Grepping for Exact Strings


 
Thread Tools Search this Thread
Top Forums Shell Programming and Scripting Grepping for Exact Strings
# 15  
Old 04-13-2009
working solution.

Here you go:

My input file "a" contains:

Code:
my-do-not-change-airplane and other frogs
airplane.seriously change me
sometimes in the file i'm using,
there are words like this: db-airplane, db-12.airplane.
in cases like that, your code turns
the words into db-helicopter, db-12.helicopter.
airplane,frogs,somewerirdairplane buggly buggly
aardvark,chameleon,airplane,dugong,basilisk
aardvark,chameleon,dugong,basilisk,airplane

My script, "clam" looks like this:

Code:
#!/bin/ksh
#----------------------------------------------------------------------#
# Find funky occurances of airplane...                                 #
#----------------------------------------------------------------------#
cat a |
#----------------------------------------------------------------------#
# Translate any and word delimiters to newlines...                     #
#----------------------------------------------------------------------#
  tr '[. ,      ]' '\012\012\012\012' |
  grep airplane |
#----------------------------------------------------------------------#
# Grep OUT our target word to change...                                #
#----------------------------------------------------------------------#
  grep -v "^airplane$" |
  sort -u |
while read pattern ; do
#----------------------------------------------------------------------#
# Create list of sed commands...                                       #
#----------------------------------------------------------------------#
  print "s/$pattern/${pattern}DONOTEDIT/g;"
done > sed.file
#----------------------------------------------------------------------#
# Finish our little sed script.
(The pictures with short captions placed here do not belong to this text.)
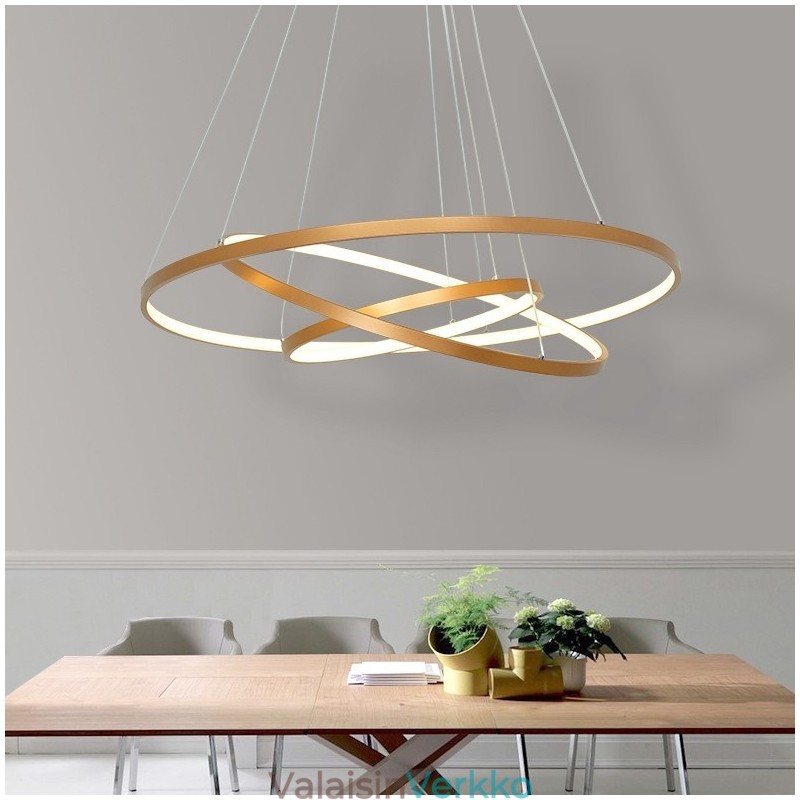 Himmennettävä riippuvalaisin kaukosäätimellä Kultainen Moderni Design Kolme rengasta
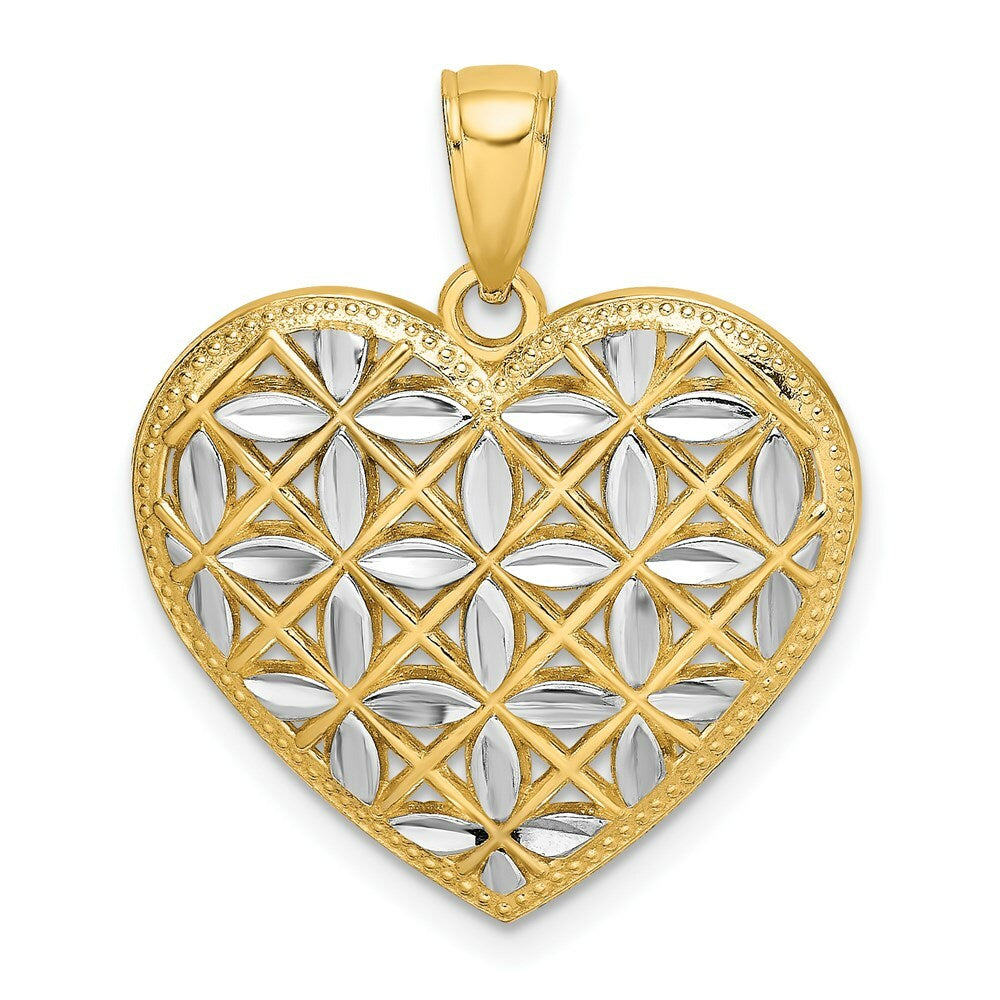 14K Yellow Gold with White Rhodium Diamond-cut Leaves In Heart Charm Pendant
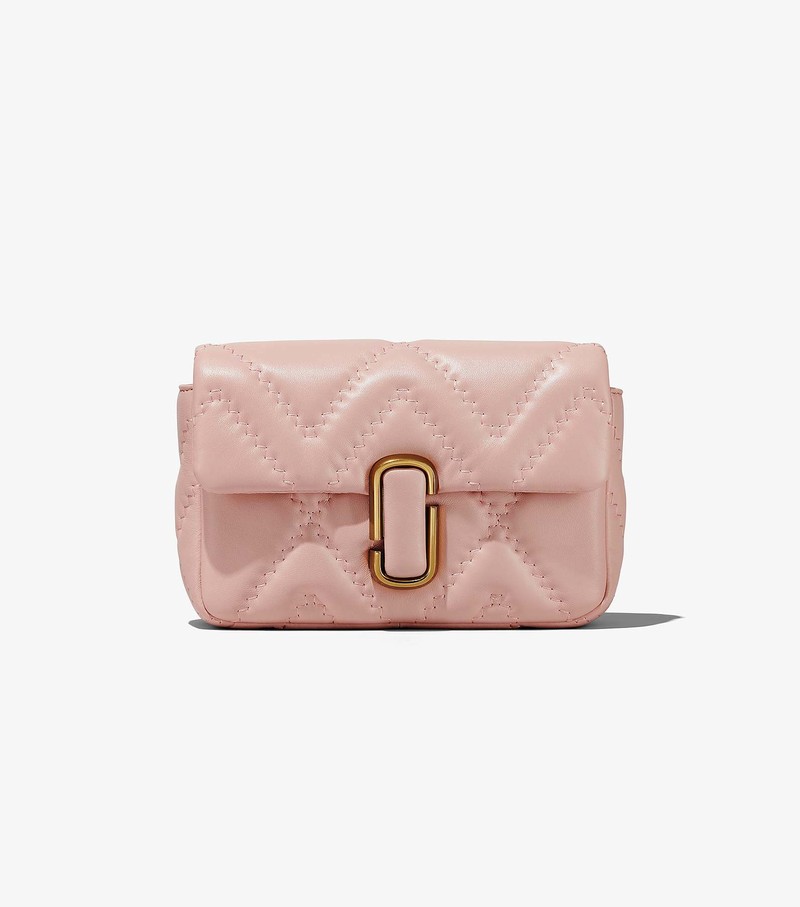 Women's Marc Jacobs Quilted Leather J Marc Crossbody Bags Pink | LHKRA-8135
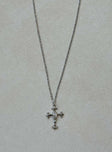 Necklace Dainty silver-toned chain Cross drop charm Diamante detailing Lobster clip fastening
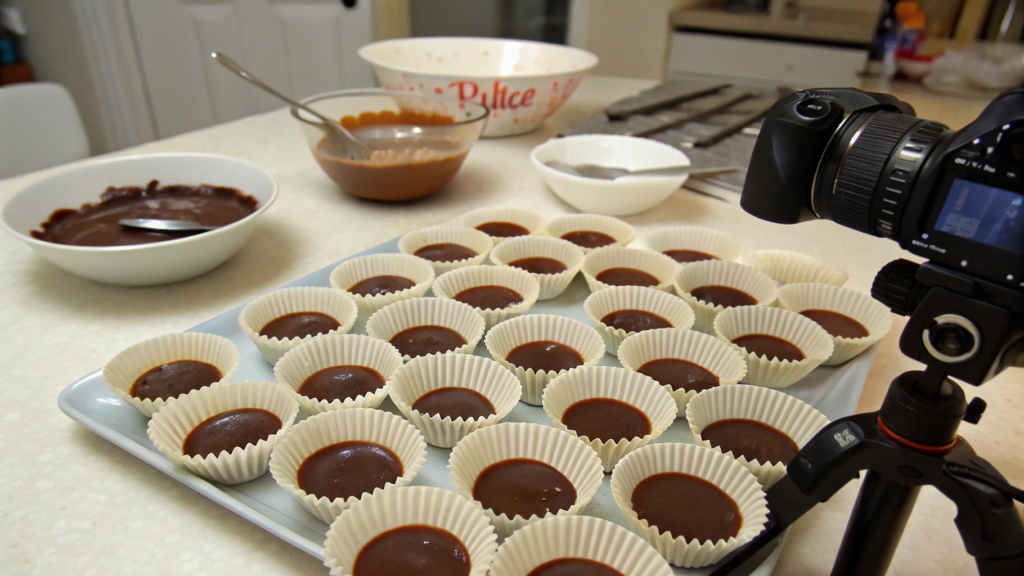 Homemade Reese’s Cups with paper liners that are easy to film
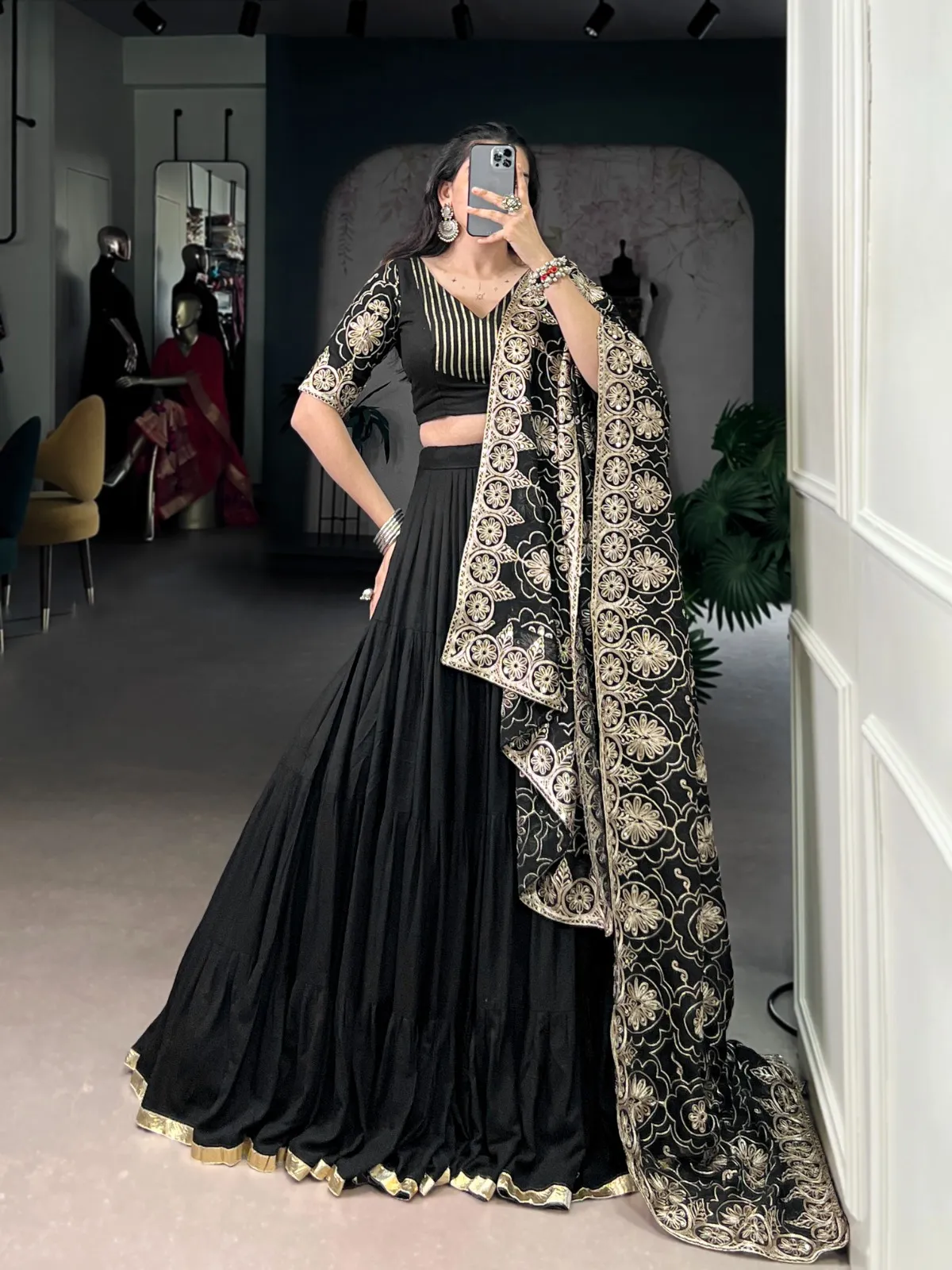Pure Black Big Flair Lehenga Choli with Heavy Dupatta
Remove our DONOTEDIT strings.          #
#----------------------------------------------------------------------#
cat << EOF >> sed.file
s/\<airplane\>/HELICOPTER/g;
s/DONOTEDIT//g;
EOF
#----------------------------------------------------------------------#
# ... and voila....                                                    #
#----------------------------------------------------------------------#
sed -f sed.file a

... and the output is:

Code:
my-do-not-change-airplane and other frogs
HELICOPTER.seriously change me
sometimes in the file i'm using,
there are words like this: db-airplane, db-12.HELICOPTER.
in cases like that, your code turns
the words into db-helicopter, db-12.helicopter.
HELICOPTER,frogs,somewerirdairplane buggly buggly
aardvark,chameleon,HELICOPTER,dugong,basilisk
aardvark,chameleon,dugong,basilisk,HELICOPTER

# 16  
Old 04-13-2009
I see that the script also changed db-12.airplane to db-12.HELICOPTER.

You can modify this action, one of two ways:

remove the . from the "tr" translation list, ( also removing one of the \012 sequences.
btw, you need to match word-delimiter count to \012 count. )
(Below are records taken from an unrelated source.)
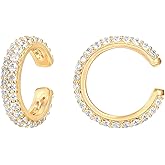 PAVOI 925 Sterling Silver 14K Gold Plated Cubic Zirconia Sparkling Round Huggie Ear Cuff Gold Earrings for Women | Clip On Cartilage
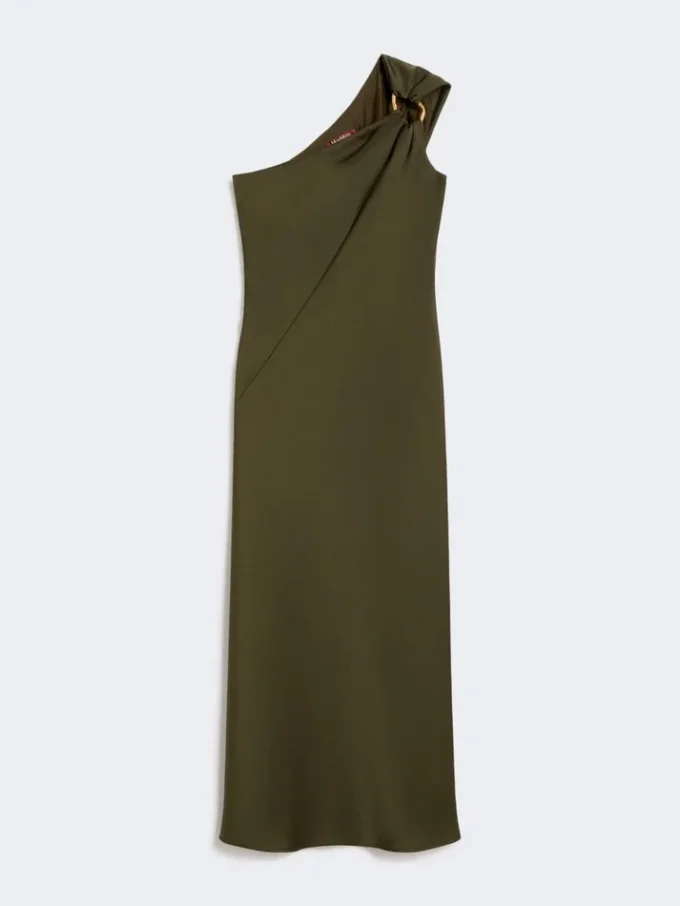 Vestido de satén brillante de un solo hombro, verde musgo Vestido de satén brillante de un solo hombro, verde musgo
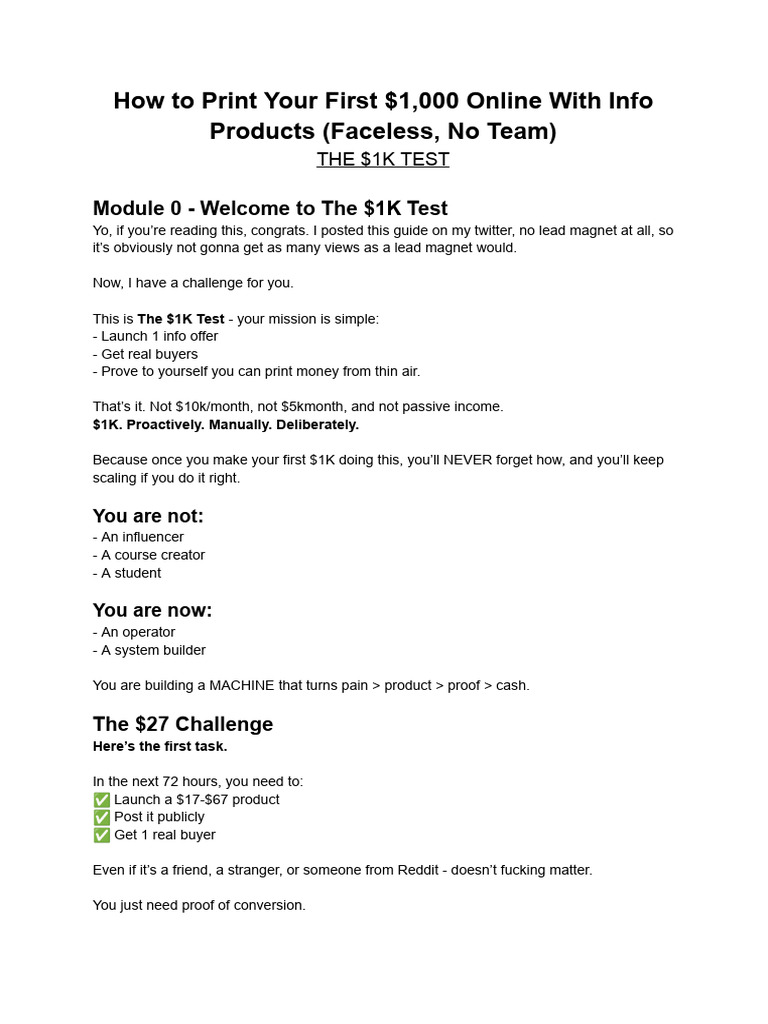 Earn Your First $1K with Info Products | PDF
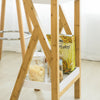 SoBuy | Design Bartisch | Stehtisch | Küchentisch | Bambus und Weiß | FWT56-W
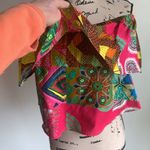 Boutique Amber Wax Print Patchwork Off Shoulder Ruffle Crop Top Size Medium Pink Photo 6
Or simply intercept the sed.file and modify its contents first.
# 17  
Old 04-13-2009
anyways.... removed the . word delimiter. here's the code:

Code:
#!/bin/ksh

#----------------------------------------------------------------------#
# Find funky occurances of airplane...                                 #
#----------------------------------------------------------------------#
cat a |

#----------------------------------------------------------------------#
# Translate any and word delimiters to newlines...                     #
#----------------------------------------------------------------------#
  tr '[ ,       ]' '\012\012\012' |
  grep airplane |

#----------------------------------------------------------------------#
# Grep OUT our target word to change...                                #
#----------------------------------------------------------------------#
  grep -v "^airplane$" |
  sort -u |
while read pattern ; do

#----------------------------------------------------------------------#
# Create list of sed commands...                                       #
#----------------------------------------------------------------------#
  print "s/$pattern/${pattern}DONOTEDIT/g;"

done > sed.file

#----------------------------------------------------------------------#
# Finish our little sed script. Remove our DONOTEDIT strings.          #
#----------------------------------------------------------------------#
cat << EOF >> sed.file
s/\<airplane\>/HELICOPTER/g;
s/DONOTEDIT//g;
EOF

#----------------------------------------------------------------------#
# ... and voila....                                                    #
#----------------------------------------------------------------------#
sed -f sed.file a

# 18  
Old 04-19-2009
I spent some time trying to get into awk. So, here is my solution:
Code:
awk 'BEGIN {FS="[.,\ ]"; OFS=" ";} {for(i=1; i<=NF; ++i) {if($i=="airplane") {sub(/airplane/, "helicopter", $i);}} print $0;}' airplane > airplane.new

There's a small flaw in it, though, due to the fact that the input field delimiter (FS) is a regular expression instead of a static string/character. Unfortunately, I didn't find a way to "preserve" the actual input delimiter for output (OFS) but had to set it to a static (whitespace) character.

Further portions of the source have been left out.